II. Prediction of Suicidal Behavior in Youth: Key Unanswered Questions

1. What factors predict the first onset of suicidal thoughts and behaviors in youth?

Suicide risk in adolescents and adults has been related to a wide range of sociodemographic (e.g., male gender for suicide death), psychiatric (e.g., presence and accumulation of multiple mental disorders), and psychosocial variables (e.g., stressful life events) (Borges et al., 2006; Nock, Borges, & Ono, 2012; Nock, Hwang, Sampson, & Kessler, 2010). However, the majority of these risk factors predict which adolescents and adults will think about suicide at some point in their lifetime but do not actually predict which individuals with suicidal thoughts will act on them and engage in suicidal behavior (Nock et al., 2013; Nock, Hwang, et al., 2010).

In addition, much of what we do know about prospectively predicting suicidal behavior comes from studies focused on suicide reattempts – that is, longitudinal studies predicting subsequent suicide attempts after an individual has already started engaging in suicidal behavior. It is important to note that large-scale epidemiological studies, such as the National Comorbidity Survey Adolescent Supplement (Nock et al., 2013), have been used to identify risk factors for initial suicide attempts; however, most such studies use retrospective reports rather than prospectively predict suicide attempts. For practical reasons, it makes sense that longitudinal research has focused on reattempts; suicide attempts are a low base rate behavior and previous attempters are at high risk for engaging in future suicidal behavior (Borges et al., 2006; Lewinsohn, Rohde, & Seeley, 1993). Yet, most individuals who die by suicide do so during their first attempt (Busch, Fawcett, & Jacobs, 2003). Given that existing research focuses primarily on suicide reattempts, the field knows much less about predictors of first suicide attempts that may lead to suicide death.

This issue is particularly important in light of research indicating that predictors of first suicide attempts may differ from predictors of subsequent attempts, or reattempts (Joiner & Rudd, 2000; Kaslow, Jacobs, Young, & Cook, 2006; Miranda et al., 2008). For instance, major negative life events may confer risk differently for first vs. repeat suicide attempts. One study found that more negative life events were related to greater suicide ideation among never- or first-attempters but not among repeat attempters (Joiner & Rudd, 2000). Consistent with the sensitization model used to explain the recurrence of many psychiatric disorders (Post & Weiss, 1998), this research suggests that a greater number of stressors may be necessary to trigger a first suicide attempt compared to subsequent attempts; moreover, individuals may become more reactive, or sensitive, to stressors over time thereby requiring fewer events to trigger subsequent attempts.
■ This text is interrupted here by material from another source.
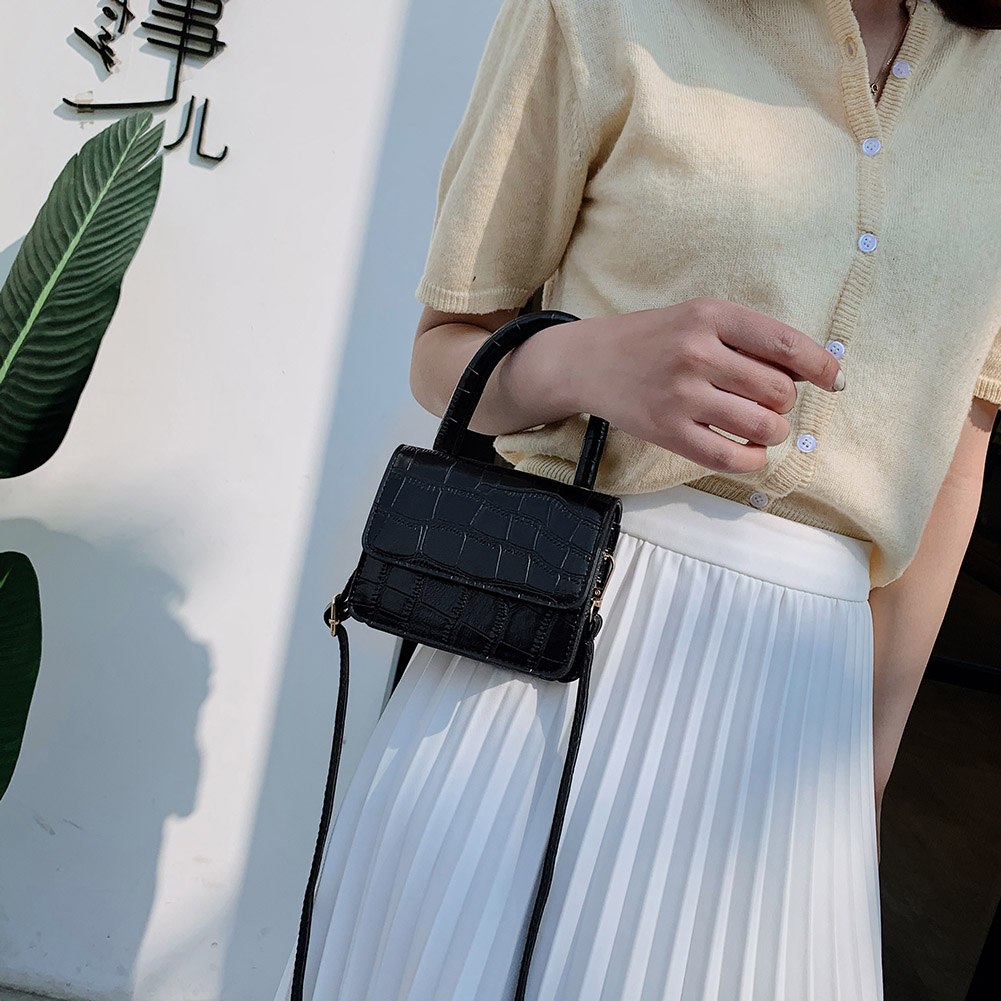 2021 High quality Women Handbags Casual Pure Color Flap Tote Messenger Bags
Given the potential for these factors to confer differential risk depending on an individual's previous suicide history, it will be important for future research to examine predictors of first suicide attempts and reattempts separately.

Research needed

As a first step, the field needs research that examines the natural development of suicidal thoughts and behaviors in youth. That is, before research can begin to focus on prediction, we need a better understanding of the overall prevalence and course of these thoughts and behaviors in younger populations. Although we know from retrospective reports in large epidemiological studies that suicidal thoughts and behaviors typically begin during adolescence (Nock et al., 2012; Nock et al., 2013), the temporal resolution of these retrospective reports may be limited, especially over longer time periods. To extend this research, prospective studies are needed that follow youth from childhood through adolescence to more accurately examine the course of these thoughts and behaviors over time. For instance, when do children first have passive thoughts of death (e.g., I wish I wasn't around anymore)? When, and in which children, does this first transition to active suicide ideation (e.g., I want to kill myself)? Identifying these earlier stages of risk will be vital for the development of prevention programs aimed at targeting youth before they transition to more seriously considering or acting on their suicidal thoughts.
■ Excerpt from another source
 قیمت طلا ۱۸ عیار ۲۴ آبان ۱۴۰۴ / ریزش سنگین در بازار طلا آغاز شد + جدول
In addition, the field needs prospective research aimed at identifying predictors of the first onset of suicidal behavior in youth. Studies of this type could target adolescents with active suicide ideation who are most at risk for acting on their suicidal thoughts. Given that most individuals who make the transition from suicidal thoughts to attempts will do so within one year after the onset of their suicidal thoughts (Nock, Borges, Bromet, Alonso, et al., 2008; Nock et al., 2013), research will need to identify these at-risk youth shortly after they first begin thinking about suicide.
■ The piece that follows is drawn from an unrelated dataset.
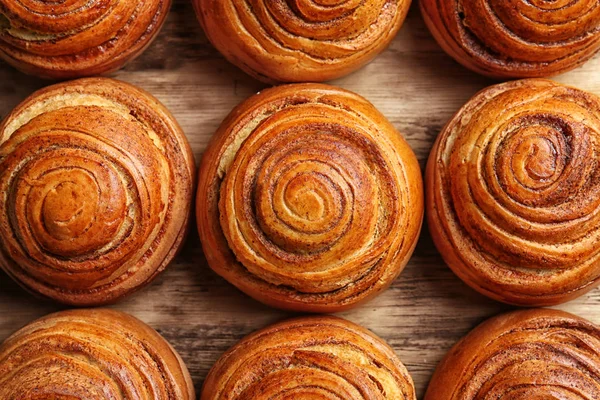 Rouleaux de cannelle sucrés — Photo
2. Why does suicide risk increase so dramatically during the transition from childhood to adolescence?

Cross-national studies have carefully documented that suicidal behaviors – both suicide attempts and suicide deaths – are rare in children but increase significantly during the teenage years (Nock et al., 2012). Although previous studies have identified general risk factors for suicidal behavior across the lifespan, research to date has not explained why rates increase so drastically during adolescence specifically.

The transition from childhood to adolescence is a significant developmental period characterized by major changes in physical development, social environments, and the desire for independence (Blakemore, 2008; Casey, Jones, & Hare, 2008). Notably, the increase in suicidal behavior during adolescence coincides with key neurobiological changes during this transition, and growing research from developmental neuroscience may offer insight into the increased risk for suicide among youth. In particular, Casey, Somerville, and colleagues have recently proposed a neurobiological model that aims to explain why adolescents engage in more risky, and potentially harmful, behaviors than both children and adults (Casey, Jones, & Somerville, 2011; Somerville, Jones, & Casey, 2010). This model draws upon converging evidence from both rodent models of adolescence (Spear, 2010) and human neuroimaging research (Ernst et al., 2005; Somerville, Hare, & Casey, 2011) indicating that adolescence is a developmental period characterized by accelerated maturation of subcortical regions (associated with reward responding and emotional reactivity) while prefrontal cortical regions (responsible for inhibitory control) are later to mature (Somerville et al., 2010). They propose that the maturational imbalance between these regions leads to adolescents' increased reward-focused behavior without the necessary capabilities for inhibitory control. In short, this model suggests that youth are at risk for harmful behaviors because they have too much drive without a fully developed braking system (Casey et al., 2011).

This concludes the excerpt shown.